**Working data**.
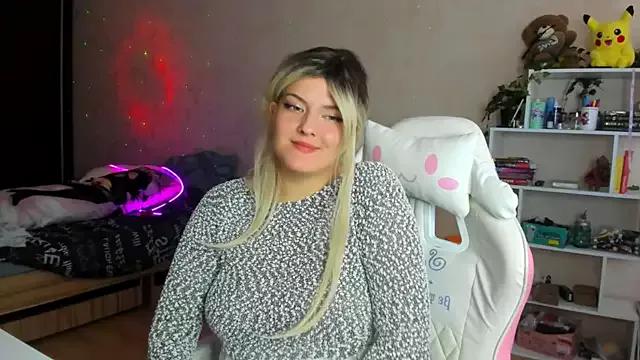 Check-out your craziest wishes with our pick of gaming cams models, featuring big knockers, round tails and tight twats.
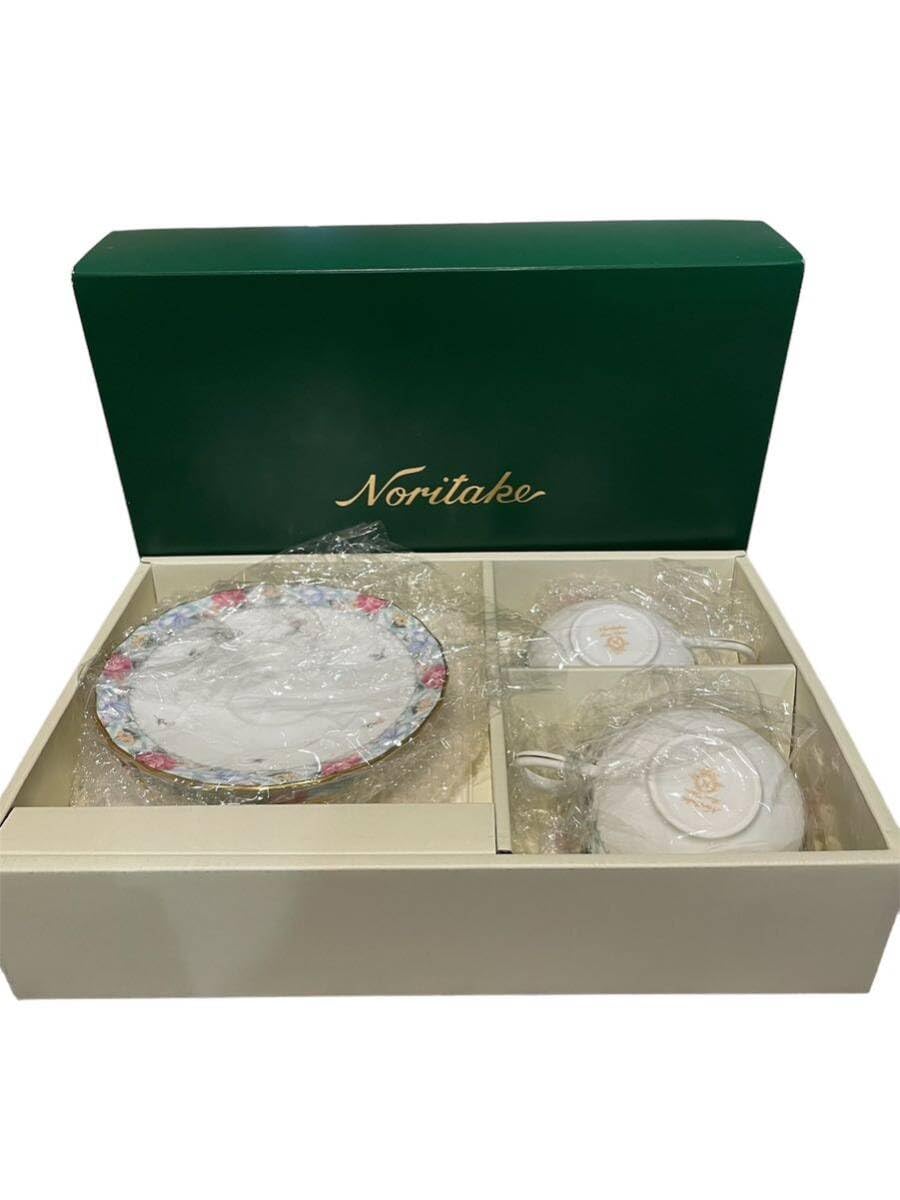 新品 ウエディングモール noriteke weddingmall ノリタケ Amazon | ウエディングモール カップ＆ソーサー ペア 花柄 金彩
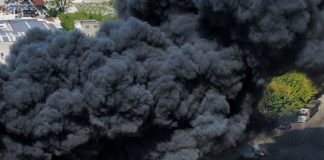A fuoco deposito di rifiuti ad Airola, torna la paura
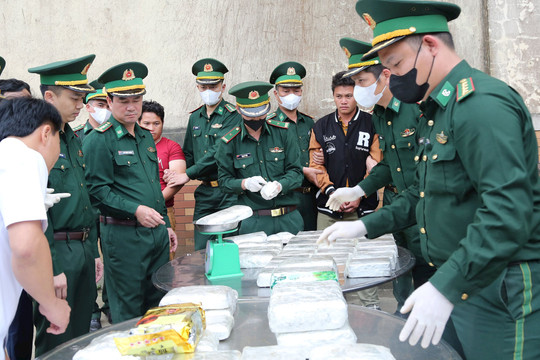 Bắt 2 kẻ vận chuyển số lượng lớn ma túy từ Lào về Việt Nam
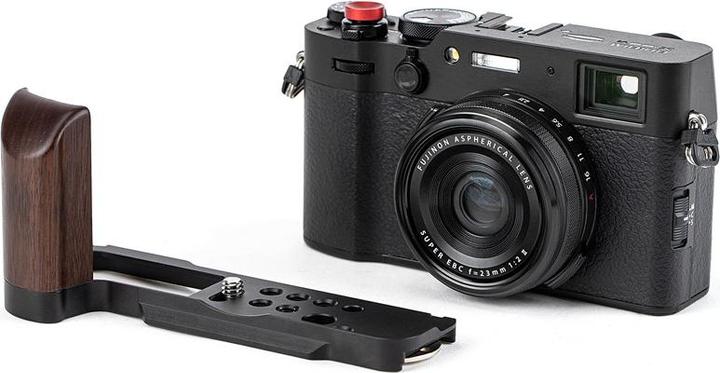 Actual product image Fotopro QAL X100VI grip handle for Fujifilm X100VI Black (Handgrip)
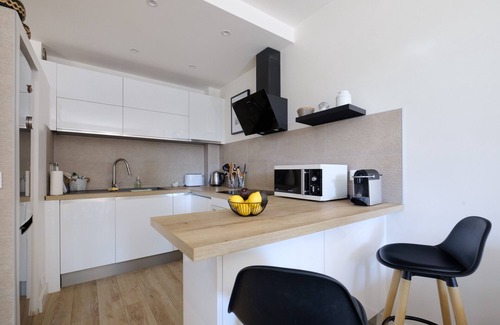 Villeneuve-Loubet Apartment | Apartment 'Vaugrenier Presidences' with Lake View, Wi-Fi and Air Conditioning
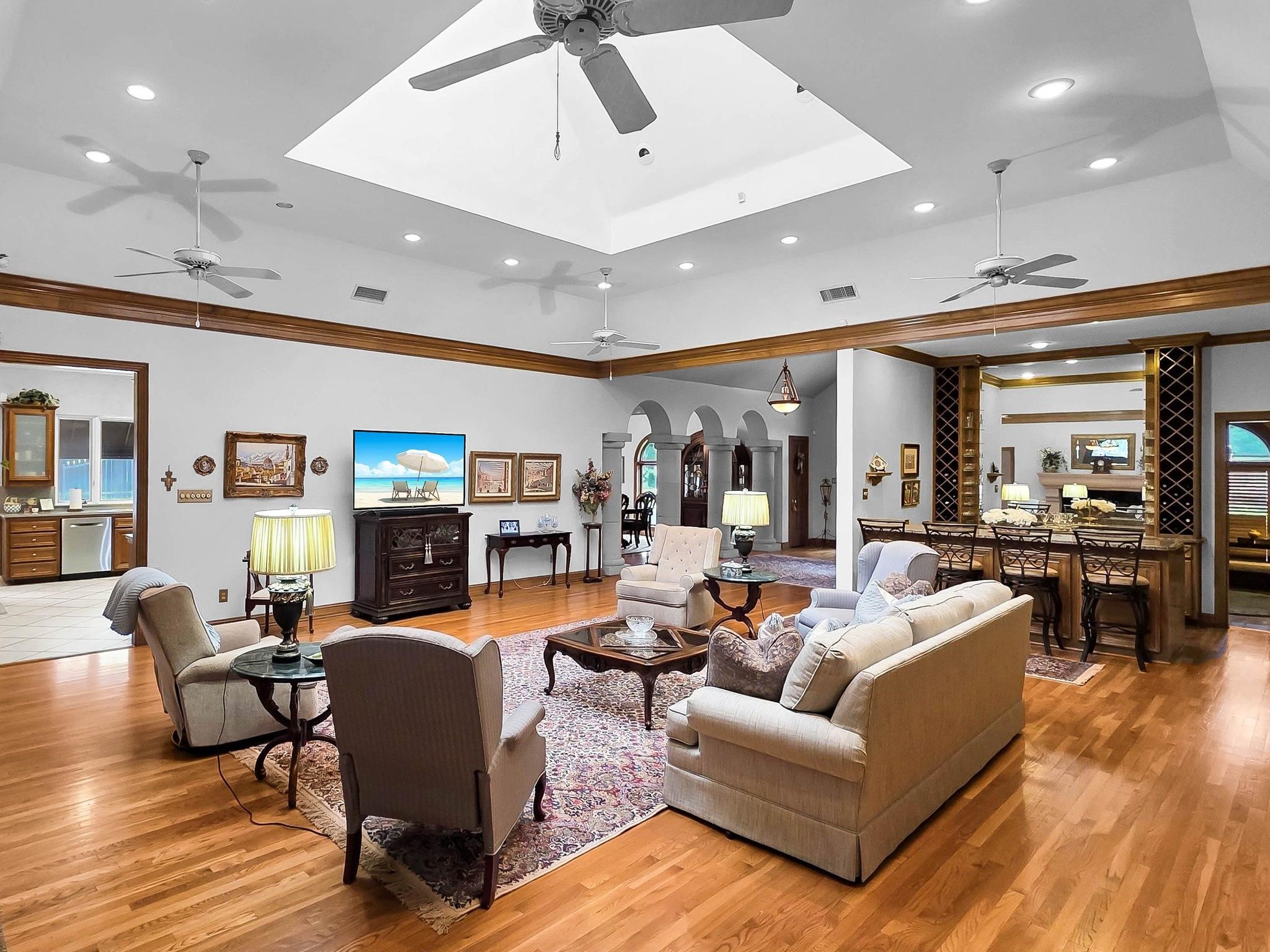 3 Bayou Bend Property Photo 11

**Prompt**.
Reproduce the full listing verbatim so that only the pictures are missing.

**Expected answer**.
 Check-out your craziest wishes with our pick of gaming cams models, featuring big knockers, round tails and tight twats.
 新品 ウエディングモール noriteke weddingmall ノリタケ Amazon | ウエディングモール カップ＆ソーサー ペア 花柄 金彩
A fuoco deposito di rifiuti ad Airola, torna la paura
 Bắt 2 kẻ vận chuyển số lượng lớn ma túy từ Lào về Việt Nam
 Actual product image Fotopro QAL X100VI grip handle for Fujifilm X100VI Black (Handgrip)
 Villeneuve-Loubet Apartment | Apartment 'Vaugrenier Presidences' with Lake View, Wi-Fi and Air Conditioning
 3 Bayou Bend Property Photo 11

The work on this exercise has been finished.